EXERCISE AIM: With the pictures removed, please write out every line below exactly as given.

DATASET CONTENT:
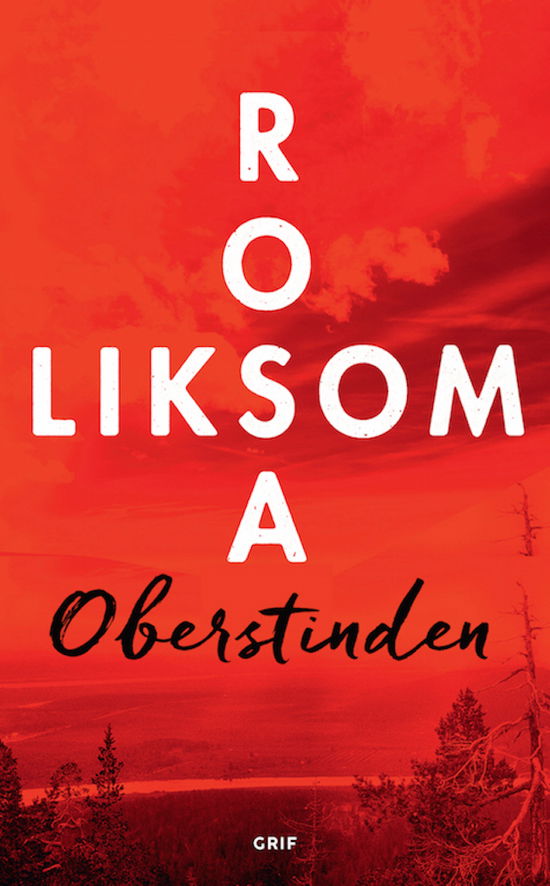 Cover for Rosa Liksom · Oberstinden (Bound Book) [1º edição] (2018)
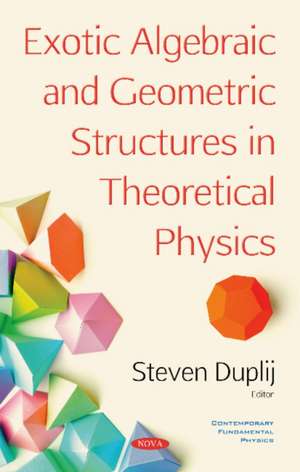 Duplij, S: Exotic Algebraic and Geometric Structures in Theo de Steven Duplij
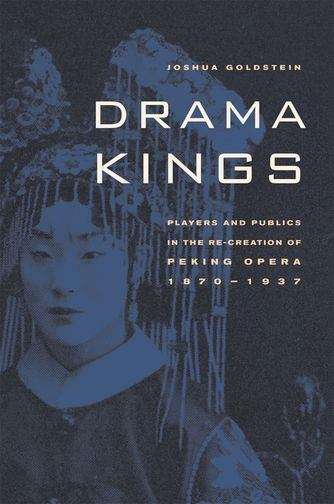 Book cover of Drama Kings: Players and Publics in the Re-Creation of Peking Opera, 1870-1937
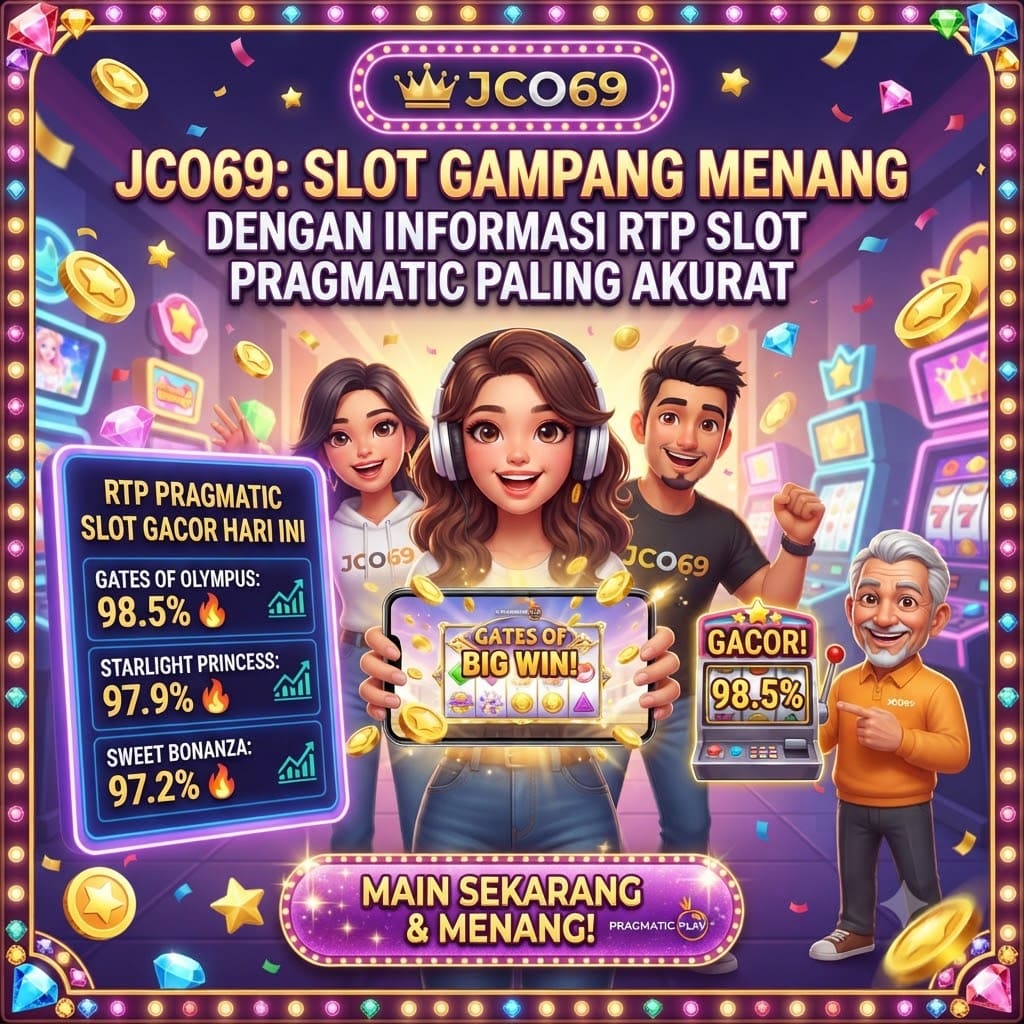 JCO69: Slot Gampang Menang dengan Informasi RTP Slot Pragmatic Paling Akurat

WRITTEN SOLUTION:
 Cover for Rosa Liksom · Oberstinden (Bound Book) [1º edição] (2018)
 Duplij, S: Exotic Algebraic and Geometric Structures in Theo de Steven Duplij
 Book cover of Drama Kings: Players and Publics in the Re-Creation of Peking Opera, 1870-1937
 JCO69: Slot Gampang Menang dengan Informasi RTP Slot Pragmatic Paling Akurat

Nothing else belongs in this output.